Tomorrow I travel to the annual ETS Conference (this year in Milwaukee, WI). The biggest down side with going to these conferences in their sprawling convention centers with endless carpeted hallways, anonymous sidewalks and packed restaurants, is being away from family. The second biggest down side? The urban food desert. (For a good introduction to the concept of a food desert see Ellen Desjardins, “The Urban Food Desert: Spatial Inequality or Opportunity for Change?” in Imagining Sustainable Food Systems: Theory and Practice, ed. Alison Blay-Palmer (Ashgate, 2010), 87-111.)
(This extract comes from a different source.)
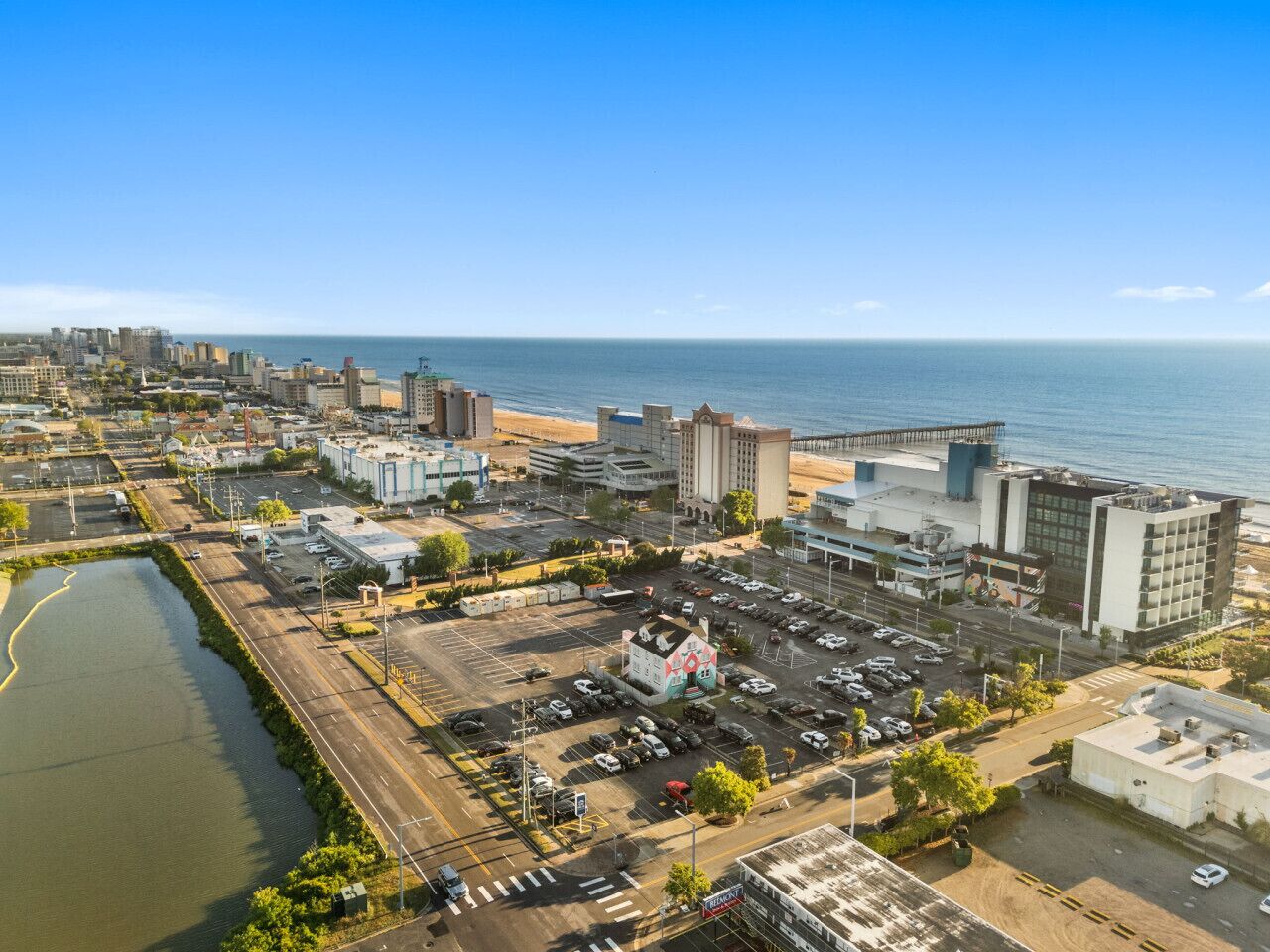 Vista aérea de uma cidade costeira com um porto de iates, estacionamentos e diversos edifícios.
The way I experience the food desert is in the futile search for a reasonably priced selection of fruit. As soon as the airport shuttle drops me off in front of the Hyatt or Mariott I start looking for fruit. Fresh fruit. Typically there are two options. Option one: over-waxed apples sitting in a bowl by the front desk. Unfortunately those apples are so waxy that they could have been sitting there since the Reagan administration. Not a promising prospect. And option two? Buy a banana for two bucks at the Starbucks kiosk.
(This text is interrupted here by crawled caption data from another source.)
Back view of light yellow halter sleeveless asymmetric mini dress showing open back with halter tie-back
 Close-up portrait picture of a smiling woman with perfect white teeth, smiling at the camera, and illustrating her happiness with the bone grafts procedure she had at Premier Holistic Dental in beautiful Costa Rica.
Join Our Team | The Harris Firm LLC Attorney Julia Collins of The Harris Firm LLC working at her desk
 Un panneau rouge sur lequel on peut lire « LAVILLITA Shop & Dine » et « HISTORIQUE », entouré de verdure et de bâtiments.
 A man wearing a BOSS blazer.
Not surprisingly, by the second day I’m feeling seriously fruit-deprived. And by the third day? My gums are bleeding from scurvy. So when I finally arrive home a few days later I’m so desperate I’ll eat a moldy grape from under the fridge.
Two hundred thousand square feet of commercial space and you can’t have a cart with some reasonably priced pears and apples? Really? Is that too much? And don’t get me started on my luxury hotel pet peeves.